You misunderstood a basic principle here.

In a perfectly efficient market all entries can make the same profit on a given investment at the same level of risk and time horizon. There’s nothing inefficient about a market having a risk premium etc.

If you're making nonzero profit that means that it's feasible for anyone else (literally anyone else, assuming zero barriers to entry, which we do assume for an efficient market) to make slightly less profit by selling the same product at a lower price, which iteratively pushes all profits towards zero. An efficient market also assumes perfect information, which includes information of future events, so talking about risk/uncertainty is already out of the question. If that sounds absurd, then yes, that's the point: our assumptions about what it takes in order to achieve an efficient market approaches the absurd. Which isn't to say that markets aren't often useful, especially compared to the alternatives, but rather that appeals to rationality don't survive contact with the enemy.
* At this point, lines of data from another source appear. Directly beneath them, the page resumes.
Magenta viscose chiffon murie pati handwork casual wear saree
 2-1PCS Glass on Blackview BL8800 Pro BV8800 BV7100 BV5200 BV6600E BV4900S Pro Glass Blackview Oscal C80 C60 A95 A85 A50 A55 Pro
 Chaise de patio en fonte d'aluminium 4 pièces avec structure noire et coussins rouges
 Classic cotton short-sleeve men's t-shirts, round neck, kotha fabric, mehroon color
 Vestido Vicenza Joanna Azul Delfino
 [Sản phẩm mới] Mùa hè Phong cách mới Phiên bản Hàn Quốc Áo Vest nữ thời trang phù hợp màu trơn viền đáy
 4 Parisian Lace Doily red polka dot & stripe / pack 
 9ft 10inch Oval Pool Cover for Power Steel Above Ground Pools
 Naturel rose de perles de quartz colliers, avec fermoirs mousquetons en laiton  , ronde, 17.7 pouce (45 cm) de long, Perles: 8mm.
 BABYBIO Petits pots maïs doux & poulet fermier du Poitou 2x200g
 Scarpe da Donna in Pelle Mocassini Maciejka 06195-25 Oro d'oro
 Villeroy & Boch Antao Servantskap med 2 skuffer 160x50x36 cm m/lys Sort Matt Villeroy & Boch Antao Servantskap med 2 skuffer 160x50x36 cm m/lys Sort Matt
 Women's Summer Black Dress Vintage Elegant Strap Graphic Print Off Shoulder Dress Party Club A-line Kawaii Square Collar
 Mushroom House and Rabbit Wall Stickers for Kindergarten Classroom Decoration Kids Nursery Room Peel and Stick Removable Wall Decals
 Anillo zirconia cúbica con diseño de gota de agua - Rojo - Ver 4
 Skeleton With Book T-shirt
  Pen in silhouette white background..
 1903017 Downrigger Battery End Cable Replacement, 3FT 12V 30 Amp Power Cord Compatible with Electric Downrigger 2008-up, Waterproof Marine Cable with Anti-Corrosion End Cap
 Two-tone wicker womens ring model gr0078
  • The economy is finite. You can’t infinity add new participants with infinite product to sell.

    Instead in an efficient market everyone is already occupied making X ROI and gives as much up by entering a new market as they gain.

    Put another way, if you already own a sock with 10% ROI, you can sell it and buy a sock with 10% ROI but the transaction is pointless so it doesn’t occur.

    > An efficient market also assumes perfect information, which includes information of future events, so talking about risk/uncertainty is already out of the question.

    Perfect information means something different here. In Chess both players have perfect information of the game state, they don’t know the future. Poker has randomness and imperfect information but there’s other games with randomness and perfect information.